> _What is being asked_
Which lines come from the start of the records through the line that holds "Bracelet Hermès Collier"? Write them out word for word.

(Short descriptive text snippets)
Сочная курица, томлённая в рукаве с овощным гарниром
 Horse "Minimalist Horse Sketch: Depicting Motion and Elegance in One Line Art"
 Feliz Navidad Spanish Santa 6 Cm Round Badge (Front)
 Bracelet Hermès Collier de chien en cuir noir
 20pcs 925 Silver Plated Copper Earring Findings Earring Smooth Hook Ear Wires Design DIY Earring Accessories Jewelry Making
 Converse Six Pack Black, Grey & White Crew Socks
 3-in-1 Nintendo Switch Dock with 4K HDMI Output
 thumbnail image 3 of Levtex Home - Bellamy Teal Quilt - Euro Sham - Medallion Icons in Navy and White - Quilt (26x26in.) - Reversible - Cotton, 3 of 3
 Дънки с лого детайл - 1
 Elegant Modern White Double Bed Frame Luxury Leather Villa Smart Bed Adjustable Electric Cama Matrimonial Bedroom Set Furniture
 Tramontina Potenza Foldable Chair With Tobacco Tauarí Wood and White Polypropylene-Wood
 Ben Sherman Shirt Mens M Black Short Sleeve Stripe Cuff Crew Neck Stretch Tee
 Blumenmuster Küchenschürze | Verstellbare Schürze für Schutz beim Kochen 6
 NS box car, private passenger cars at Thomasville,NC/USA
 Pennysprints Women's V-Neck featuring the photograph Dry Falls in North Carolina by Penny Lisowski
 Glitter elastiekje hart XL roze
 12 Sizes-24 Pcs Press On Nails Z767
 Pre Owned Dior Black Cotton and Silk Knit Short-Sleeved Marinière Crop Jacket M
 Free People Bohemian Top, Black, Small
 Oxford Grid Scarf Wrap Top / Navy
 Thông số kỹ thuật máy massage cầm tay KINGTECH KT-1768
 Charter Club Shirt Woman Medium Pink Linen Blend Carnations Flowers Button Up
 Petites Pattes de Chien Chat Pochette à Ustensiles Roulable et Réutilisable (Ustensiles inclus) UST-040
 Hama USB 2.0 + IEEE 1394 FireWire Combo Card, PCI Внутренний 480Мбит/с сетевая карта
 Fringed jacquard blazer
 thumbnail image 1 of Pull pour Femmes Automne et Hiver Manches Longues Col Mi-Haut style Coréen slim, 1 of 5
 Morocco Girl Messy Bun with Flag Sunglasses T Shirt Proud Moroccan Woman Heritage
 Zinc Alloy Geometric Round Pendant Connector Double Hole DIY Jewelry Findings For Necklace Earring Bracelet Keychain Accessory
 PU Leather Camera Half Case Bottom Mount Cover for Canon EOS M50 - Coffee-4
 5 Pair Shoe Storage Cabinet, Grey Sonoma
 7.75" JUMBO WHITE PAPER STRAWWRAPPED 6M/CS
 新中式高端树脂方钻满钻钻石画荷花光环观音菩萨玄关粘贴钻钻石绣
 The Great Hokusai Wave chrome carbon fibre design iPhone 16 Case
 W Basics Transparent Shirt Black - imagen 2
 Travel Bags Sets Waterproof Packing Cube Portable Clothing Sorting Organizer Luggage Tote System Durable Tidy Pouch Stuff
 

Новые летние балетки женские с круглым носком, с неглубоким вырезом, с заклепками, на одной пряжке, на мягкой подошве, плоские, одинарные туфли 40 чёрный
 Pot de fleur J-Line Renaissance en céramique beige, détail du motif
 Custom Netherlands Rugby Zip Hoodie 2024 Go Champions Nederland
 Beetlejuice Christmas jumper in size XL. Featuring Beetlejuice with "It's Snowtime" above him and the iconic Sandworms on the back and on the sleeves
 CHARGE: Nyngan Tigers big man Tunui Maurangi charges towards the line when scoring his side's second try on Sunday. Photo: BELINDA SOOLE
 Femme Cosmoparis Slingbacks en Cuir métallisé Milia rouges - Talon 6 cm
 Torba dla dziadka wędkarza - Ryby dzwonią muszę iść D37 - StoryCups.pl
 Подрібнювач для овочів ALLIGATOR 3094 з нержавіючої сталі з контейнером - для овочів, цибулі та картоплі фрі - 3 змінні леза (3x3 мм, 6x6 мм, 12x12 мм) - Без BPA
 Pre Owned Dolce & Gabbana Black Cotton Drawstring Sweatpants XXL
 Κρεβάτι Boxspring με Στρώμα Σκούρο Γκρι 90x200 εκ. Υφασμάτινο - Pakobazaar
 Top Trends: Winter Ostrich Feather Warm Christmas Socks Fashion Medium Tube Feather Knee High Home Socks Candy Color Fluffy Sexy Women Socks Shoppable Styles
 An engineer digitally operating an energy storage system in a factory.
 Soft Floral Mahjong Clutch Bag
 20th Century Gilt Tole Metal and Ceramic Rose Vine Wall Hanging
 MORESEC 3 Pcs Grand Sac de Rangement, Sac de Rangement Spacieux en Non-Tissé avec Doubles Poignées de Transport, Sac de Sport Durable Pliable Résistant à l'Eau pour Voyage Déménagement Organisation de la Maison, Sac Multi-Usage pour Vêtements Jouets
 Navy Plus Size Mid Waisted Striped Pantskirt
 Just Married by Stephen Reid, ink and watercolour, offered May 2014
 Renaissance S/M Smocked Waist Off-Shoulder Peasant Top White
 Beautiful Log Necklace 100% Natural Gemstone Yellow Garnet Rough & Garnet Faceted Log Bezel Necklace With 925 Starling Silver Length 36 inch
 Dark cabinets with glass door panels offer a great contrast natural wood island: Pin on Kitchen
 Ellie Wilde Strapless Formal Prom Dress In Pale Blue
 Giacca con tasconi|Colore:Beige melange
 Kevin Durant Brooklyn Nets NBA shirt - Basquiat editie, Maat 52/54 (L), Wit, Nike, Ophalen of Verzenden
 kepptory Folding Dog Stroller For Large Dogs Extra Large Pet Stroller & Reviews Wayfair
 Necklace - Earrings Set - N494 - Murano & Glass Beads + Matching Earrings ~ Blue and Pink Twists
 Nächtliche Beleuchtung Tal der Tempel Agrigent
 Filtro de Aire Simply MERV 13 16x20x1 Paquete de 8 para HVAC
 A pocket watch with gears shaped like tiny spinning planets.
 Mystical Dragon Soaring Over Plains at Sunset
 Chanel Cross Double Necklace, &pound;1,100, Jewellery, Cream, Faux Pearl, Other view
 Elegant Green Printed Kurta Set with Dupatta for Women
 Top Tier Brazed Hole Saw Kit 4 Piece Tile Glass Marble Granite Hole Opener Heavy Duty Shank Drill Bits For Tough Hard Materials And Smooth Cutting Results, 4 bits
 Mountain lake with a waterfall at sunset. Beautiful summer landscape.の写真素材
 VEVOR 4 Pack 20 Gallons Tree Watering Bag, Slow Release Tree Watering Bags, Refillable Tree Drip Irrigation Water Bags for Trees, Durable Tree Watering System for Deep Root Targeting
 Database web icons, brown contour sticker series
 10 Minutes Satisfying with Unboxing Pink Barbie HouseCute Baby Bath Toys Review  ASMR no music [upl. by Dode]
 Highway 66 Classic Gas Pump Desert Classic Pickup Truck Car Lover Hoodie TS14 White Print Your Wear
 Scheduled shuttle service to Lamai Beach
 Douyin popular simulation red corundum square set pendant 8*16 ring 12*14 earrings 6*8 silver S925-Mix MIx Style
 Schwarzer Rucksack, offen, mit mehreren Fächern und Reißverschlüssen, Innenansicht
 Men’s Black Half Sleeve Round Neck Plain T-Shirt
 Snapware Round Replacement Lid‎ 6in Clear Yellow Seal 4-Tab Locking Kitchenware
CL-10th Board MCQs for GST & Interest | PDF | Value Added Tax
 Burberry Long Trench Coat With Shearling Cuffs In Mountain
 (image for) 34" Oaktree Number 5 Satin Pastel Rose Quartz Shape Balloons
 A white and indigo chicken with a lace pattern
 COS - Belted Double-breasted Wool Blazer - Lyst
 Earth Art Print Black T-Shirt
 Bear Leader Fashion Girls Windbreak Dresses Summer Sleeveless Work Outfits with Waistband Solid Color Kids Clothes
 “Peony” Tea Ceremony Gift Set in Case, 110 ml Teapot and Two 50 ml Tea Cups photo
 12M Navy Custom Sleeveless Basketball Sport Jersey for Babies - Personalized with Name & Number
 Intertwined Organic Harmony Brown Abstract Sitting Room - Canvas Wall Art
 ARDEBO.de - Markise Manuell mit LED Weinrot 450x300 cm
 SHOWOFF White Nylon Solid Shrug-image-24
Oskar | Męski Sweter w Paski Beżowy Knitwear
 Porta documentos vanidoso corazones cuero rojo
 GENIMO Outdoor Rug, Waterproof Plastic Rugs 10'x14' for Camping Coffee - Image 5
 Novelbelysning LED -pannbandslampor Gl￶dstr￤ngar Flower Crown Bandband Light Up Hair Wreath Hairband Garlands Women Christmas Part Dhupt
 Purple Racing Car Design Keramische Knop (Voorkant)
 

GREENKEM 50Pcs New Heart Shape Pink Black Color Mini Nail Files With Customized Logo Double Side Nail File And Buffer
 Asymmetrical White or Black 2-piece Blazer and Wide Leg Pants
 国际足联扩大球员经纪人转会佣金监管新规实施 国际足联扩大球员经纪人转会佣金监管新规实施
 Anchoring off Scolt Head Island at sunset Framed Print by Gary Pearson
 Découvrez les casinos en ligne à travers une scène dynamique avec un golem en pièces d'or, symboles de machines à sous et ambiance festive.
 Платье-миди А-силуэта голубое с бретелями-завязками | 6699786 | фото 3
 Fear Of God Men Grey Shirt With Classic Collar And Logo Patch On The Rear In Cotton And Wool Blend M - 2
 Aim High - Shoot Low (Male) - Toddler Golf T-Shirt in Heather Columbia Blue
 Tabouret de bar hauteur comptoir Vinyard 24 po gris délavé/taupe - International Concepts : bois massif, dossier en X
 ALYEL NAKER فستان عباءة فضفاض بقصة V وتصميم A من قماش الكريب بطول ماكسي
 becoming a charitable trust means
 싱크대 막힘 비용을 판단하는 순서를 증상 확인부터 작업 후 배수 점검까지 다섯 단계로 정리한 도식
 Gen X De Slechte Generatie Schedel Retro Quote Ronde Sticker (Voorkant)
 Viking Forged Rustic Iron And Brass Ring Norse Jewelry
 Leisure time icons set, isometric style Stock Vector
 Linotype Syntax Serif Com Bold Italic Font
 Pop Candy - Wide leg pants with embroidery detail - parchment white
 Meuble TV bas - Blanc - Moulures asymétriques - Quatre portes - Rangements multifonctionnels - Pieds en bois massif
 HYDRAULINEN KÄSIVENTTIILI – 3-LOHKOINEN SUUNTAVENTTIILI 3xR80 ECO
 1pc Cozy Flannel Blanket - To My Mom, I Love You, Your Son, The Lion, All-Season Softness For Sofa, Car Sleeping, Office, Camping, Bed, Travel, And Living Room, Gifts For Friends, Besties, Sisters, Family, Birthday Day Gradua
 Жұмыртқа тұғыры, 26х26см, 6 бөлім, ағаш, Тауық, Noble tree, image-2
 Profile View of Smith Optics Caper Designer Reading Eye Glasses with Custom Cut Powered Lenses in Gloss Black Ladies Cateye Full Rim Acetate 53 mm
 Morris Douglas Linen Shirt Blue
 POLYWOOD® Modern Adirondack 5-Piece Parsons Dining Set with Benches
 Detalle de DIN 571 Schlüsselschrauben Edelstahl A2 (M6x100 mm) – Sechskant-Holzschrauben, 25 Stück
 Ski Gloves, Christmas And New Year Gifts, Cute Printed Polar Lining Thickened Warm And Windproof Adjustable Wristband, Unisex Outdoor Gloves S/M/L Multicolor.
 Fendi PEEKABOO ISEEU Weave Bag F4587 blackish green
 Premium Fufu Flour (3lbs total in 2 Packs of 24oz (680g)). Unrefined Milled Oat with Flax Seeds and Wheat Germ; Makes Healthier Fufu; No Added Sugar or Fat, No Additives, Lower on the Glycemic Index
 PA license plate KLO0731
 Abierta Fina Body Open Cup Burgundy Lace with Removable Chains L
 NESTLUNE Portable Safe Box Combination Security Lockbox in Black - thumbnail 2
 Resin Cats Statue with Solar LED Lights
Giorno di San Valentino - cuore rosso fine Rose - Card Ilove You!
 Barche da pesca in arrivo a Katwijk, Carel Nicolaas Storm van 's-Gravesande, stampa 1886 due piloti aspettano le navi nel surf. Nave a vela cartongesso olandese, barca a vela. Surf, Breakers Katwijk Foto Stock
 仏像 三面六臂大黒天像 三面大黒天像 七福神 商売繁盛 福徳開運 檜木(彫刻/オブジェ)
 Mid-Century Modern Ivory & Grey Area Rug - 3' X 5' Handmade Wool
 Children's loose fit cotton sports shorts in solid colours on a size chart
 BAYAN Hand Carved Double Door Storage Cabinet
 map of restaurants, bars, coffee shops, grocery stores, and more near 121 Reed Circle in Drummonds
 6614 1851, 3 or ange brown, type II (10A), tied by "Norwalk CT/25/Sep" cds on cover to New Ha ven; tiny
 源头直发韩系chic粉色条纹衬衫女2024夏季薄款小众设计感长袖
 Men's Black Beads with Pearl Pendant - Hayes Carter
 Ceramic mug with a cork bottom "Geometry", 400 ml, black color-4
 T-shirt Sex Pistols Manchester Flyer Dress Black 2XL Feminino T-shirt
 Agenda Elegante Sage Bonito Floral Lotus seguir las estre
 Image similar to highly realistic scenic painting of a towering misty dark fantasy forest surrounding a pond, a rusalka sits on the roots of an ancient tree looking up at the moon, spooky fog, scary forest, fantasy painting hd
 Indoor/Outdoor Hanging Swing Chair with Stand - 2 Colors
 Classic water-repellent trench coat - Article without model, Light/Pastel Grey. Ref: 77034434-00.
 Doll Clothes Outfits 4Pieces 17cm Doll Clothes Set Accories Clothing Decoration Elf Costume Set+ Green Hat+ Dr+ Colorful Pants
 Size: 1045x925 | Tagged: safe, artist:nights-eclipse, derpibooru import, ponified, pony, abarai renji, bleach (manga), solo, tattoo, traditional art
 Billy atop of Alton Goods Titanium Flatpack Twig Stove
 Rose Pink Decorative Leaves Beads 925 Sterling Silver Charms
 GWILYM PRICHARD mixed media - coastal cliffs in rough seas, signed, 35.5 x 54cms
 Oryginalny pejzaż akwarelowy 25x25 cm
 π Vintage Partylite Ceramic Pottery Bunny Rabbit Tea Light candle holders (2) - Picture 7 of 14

> _Expected output_
Сочная курица, томлённая в рукаве с овощным гарниром
 Horse "Minimalist Horse Sketch: Depicting Motion and Elegance in One Line Art"
 Feliz Navidad Spanish Santa 6 Cm Round Badge (Front)
 Bracelet Hermès Collier de chien en cuir noir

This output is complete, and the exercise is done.